INDOT has several suggestions to keep both motorists and construction workers safe in work zones:

  • Stay alert! Look for reduced speed limits, narrow driving lanes and highway you.
  • Pay attention. Work zone signs will tell drivers exactly what to expect ahead.
  • Merge early. If drivers merge as soon as they see signs, traffic will flow much more smoothly.
  • Slow down! Don’t speed, there could be slowed or stopped vehicles in the construction zone.
  • Keep your distance. Maintain a safe distance on all sides of the vehicle.
  • Minimize distractions. The three Cs – cell phones, CDs and coffee – are the primary cause of driver inattention.
  • Plan ahead. Expect delays during construction season and allow extra travel time, or select an alternate route.

Drivers can stay up-to-date on current construction projects with INDOT’s interactive online map or through TrafficWise, INDOTs Traffic Management Center which gives real-time traffic updates. Updates can also be found through Twitter.

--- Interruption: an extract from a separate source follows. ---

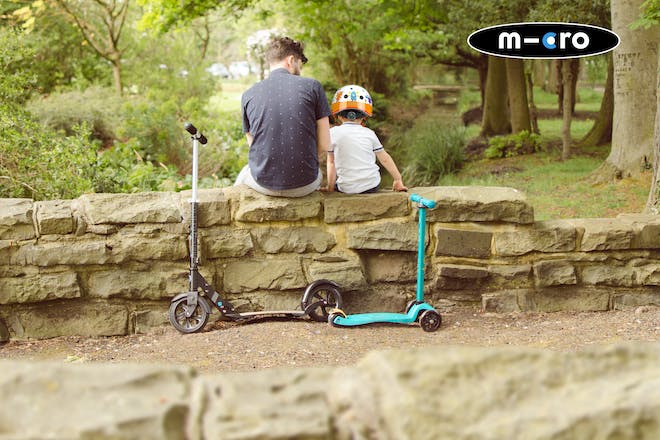 Man and boy sat on wall with micro scooter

We can work together to make our roads safer. Please don’t drive distracted and keep an eye out for our hardworking road construction workers.

Distracted Driving Dangers

Drivers who send or read text messages are 23 times more likely to be involved in a car crash than other drivers.

Jill Biddle of Kirklin learned firsthand the deadly consequences of distracted driving. Biddle lost her daughter, Maria Droesch, at age 17 in a tragic car crash. Maria veered into oncoming traffic while texting and driving. Biddle now uses her daughter’s wrecked car to send a message about driving while distracted.

“We bring this car all over the state to show people what texting and driving can lead to,” Biddle said. “If we can help save just one life, then we have accomplished our goal.”

State representatives joined Biddle at the Statehouse to show support for her efforts to bring awareness to the issue and urge motorists to use hands-free devices while driving.

“Texting and driving remains a significant problem, and we have to do more to educate our friends and families about its dangers,” said State Rep. Milo Smith of Columbus.

Currently, Indiana has a statewide texting while driving ban for all drivers, and prohibits drivers under the age of 18 from using handheld and hands-free cellular devices except to dial 911. Despite these laws, the National Highway and Traffic Safety Administration found 10 percent of teens involved in fatal crashes were reported as being distracted at the time of the crash.

April marks the start of Distracted Driving Awareness Month dedicated to bringing awareness to the serious issue of distracted driving.